Niacin is found in many cereals, bread, yeast, vegetables, fruits, buckwheat, tomatoes, peaches, peanuts, mushrooms and others.
At deficiency of vitamin B5 ill pellagra, and at the same time the lack of vitamin B5 and B2 cancause myopia.Rutin
(vitamin P, quercetin) adjusts the permeability of the walls of capillaries, reducing their fragility, particularly in combination with ascorbic acid, it is a satellite in the plant world, and only in the presence of its positive effect manifests routine providing vascular elasticity.It increases the activity of adrenaline and reduces the activity of the thyroid gland.

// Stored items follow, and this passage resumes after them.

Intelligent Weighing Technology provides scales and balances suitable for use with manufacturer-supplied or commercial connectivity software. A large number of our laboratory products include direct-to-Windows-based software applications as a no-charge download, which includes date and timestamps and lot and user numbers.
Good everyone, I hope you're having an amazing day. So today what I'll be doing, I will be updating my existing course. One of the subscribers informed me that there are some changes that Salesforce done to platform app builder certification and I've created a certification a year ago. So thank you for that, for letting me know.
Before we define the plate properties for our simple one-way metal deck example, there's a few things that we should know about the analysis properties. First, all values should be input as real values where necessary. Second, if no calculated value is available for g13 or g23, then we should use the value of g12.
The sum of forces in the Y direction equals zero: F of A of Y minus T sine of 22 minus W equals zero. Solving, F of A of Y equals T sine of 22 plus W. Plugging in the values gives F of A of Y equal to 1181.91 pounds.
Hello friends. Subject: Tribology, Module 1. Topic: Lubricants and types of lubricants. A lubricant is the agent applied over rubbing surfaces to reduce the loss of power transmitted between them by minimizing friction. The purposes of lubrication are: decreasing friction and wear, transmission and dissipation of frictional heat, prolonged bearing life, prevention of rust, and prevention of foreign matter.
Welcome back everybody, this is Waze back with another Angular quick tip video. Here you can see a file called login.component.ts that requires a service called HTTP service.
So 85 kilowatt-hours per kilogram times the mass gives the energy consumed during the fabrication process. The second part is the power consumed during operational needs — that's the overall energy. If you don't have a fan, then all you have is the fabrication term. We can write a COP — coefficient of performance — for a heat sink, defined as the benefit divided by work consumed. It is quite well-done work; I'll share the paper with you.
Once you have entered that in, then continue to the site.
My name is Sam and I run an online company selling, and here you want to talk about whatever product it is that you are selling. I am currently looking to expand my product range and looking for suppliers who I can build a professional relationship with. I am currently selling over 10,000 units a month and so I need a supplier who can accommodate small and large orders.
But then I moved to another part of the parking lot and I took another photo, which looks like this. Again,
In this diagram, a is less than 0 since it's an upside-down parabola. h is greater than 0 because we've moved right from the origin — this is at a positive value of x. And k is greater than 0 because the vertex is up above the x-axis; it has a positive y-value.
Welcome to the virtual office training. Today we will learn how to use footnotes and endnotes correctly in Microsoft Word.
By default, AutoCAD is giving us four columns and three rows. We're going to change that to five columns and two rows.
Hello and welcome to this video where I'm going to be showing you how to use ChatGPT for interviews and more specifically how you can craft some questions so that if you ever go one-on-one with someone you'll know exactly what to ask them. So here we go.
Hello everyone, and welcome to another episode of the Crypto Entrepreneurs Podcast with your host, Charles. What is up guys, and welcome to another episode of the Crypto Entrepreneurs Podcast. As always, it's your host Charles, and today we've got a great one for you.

applied vitamin E for the prevention and treatment of rheumatism, diseases of the liver, hemorrhagic diathesis, retinal hemorrhage, scurvy, radiation and hypertension.Significant amounts of vitamin P is contained in the hips, black currant, aronia, unripe walnuts, green tea, buckwheat grass in red bell peppers, tomatoes, oranges, carrots and tea.
Most of the vitamins when brewing tea turns into an infusion.Removed from the dry tea to 90% of vitamin C, which is well preserved when properly brewed tea.
The higher the grade of tea, the more it vitamins, tannin, caffeine, essential oils and other useful substances for the organism.